Fenby was born in Scarborough, North Yorkshire, and as a youth took lessons in the piano, organ and cello. At the age of 12 he was appointed organist at Holy Trinity Church. As a composer he was largely self-taught. By 1925 he had conducted a work for string orchestra at the Spa Grand Hall in Scarborough and had written some minor pieces.

Working for Delius

In 1928, hearing that Delius had become virtually helpless because of blindness and paralysis (due to syphilis), he offered to serve him as an amanuensis. Fenby worked, at the composer's home in Grez-sur-Loing, near Paris, for extended periods until Delius died almost six years later. The project was taxing not only because of the need to devise a unique mode of musical communication but also because of Delius's difficult temperament and atheism. 

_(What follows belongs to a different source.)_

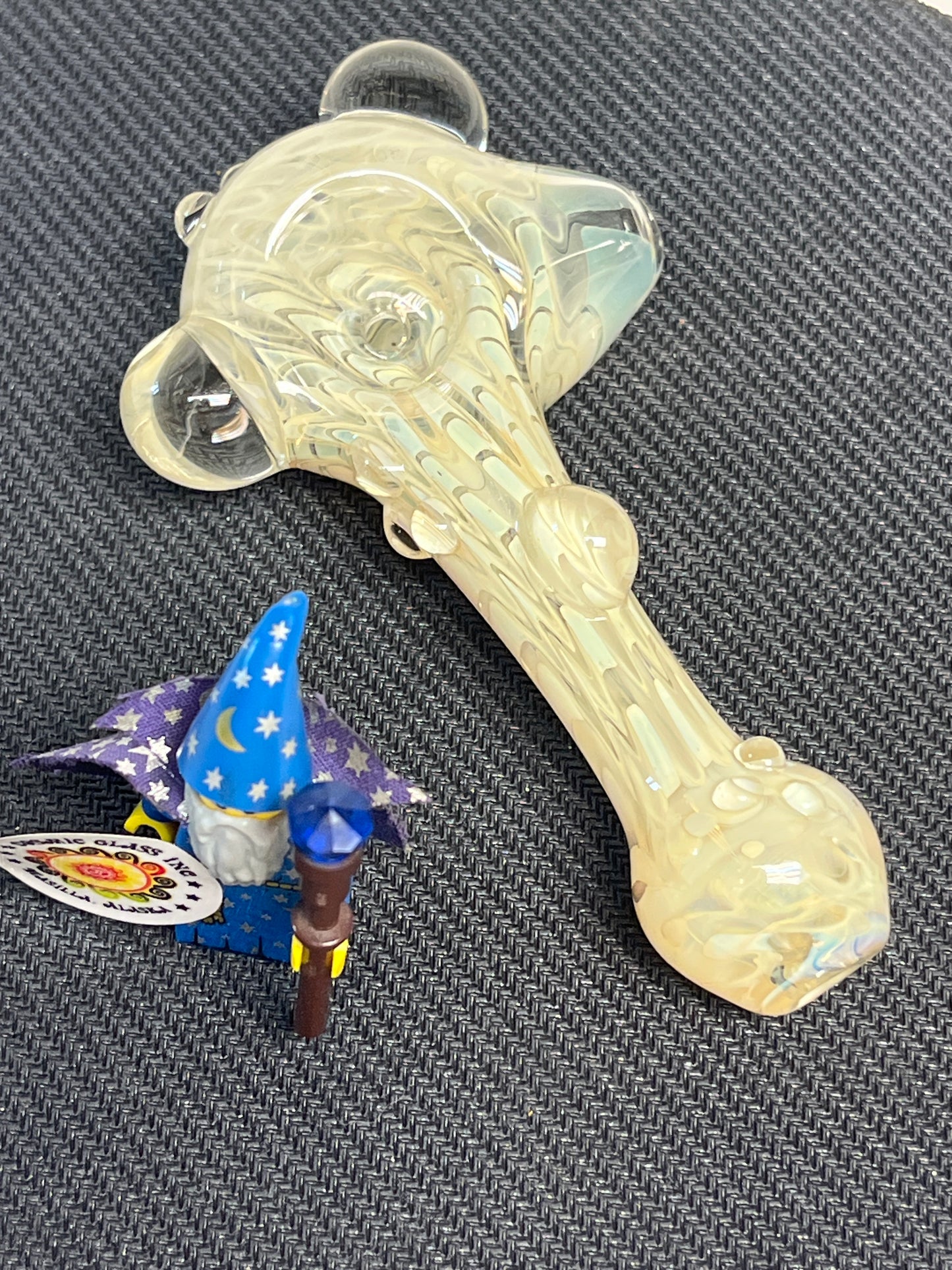 Cosmic Glass 93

Although born into a Methodist household, Fenby had become a devout Catholic. The strain on him was intensified by the requirement to act as nurse during the composer's final days. Further responsibilities followed, including visiting Delius's severely ill widow, Jelka Rosen, and accompanying the composer's exhumed body back to England for burial. The whole experience left him "completely burnt out". In 1936, he published an account, Delius As I Knew Him.

The works he helped Delius to write (all for orchestra unless otherwise shown) are:
 A Song of Summer
 Fantastic Dance
 Irmelin prelude
 Caprice and Elegy (cello and chamber orchestra)
 Violin Sonata No. 3 (violin and piano)
 Songs of Farewell (double choir and orchestra)
 Idyll (soprano, baritone and orchestra).

This episode in Fenby's and Delius's lives was portrayed in Ken Russell's 1968 production for the BBC, Song of Summer, which can be found on YouTube. In 1980 Kate Bush sang about them in her song "Delius". In a much distorted form, the Delius-Fenby collaboration also serves as a basis for the fictional Ayrs-Frobisher collaboration in David Mitchell's novel Cloud Atlas.

Later career

After Delius's death Fenby entered the employ of the music publisher Boosey & Hawkes. He was contracted to write the score for Alfred Hitchcock's Jamaica Inn, (from Daphne du Maurier's novel), but his film career was interrupted by the Second World War. After joining the Royal Artillery he was transferred to the Education Corps at Bulford, where he conducted the Southern Command Orchestra. He was later commissioned to run Royal Army Education Corps courses in Lancashire.

Having left the Catholic Church, Fenby married Rowena C. T. Marshall (daughter of a Scarborough vicar) in 1944. They had a son, Roger, and a daughter, Ruth.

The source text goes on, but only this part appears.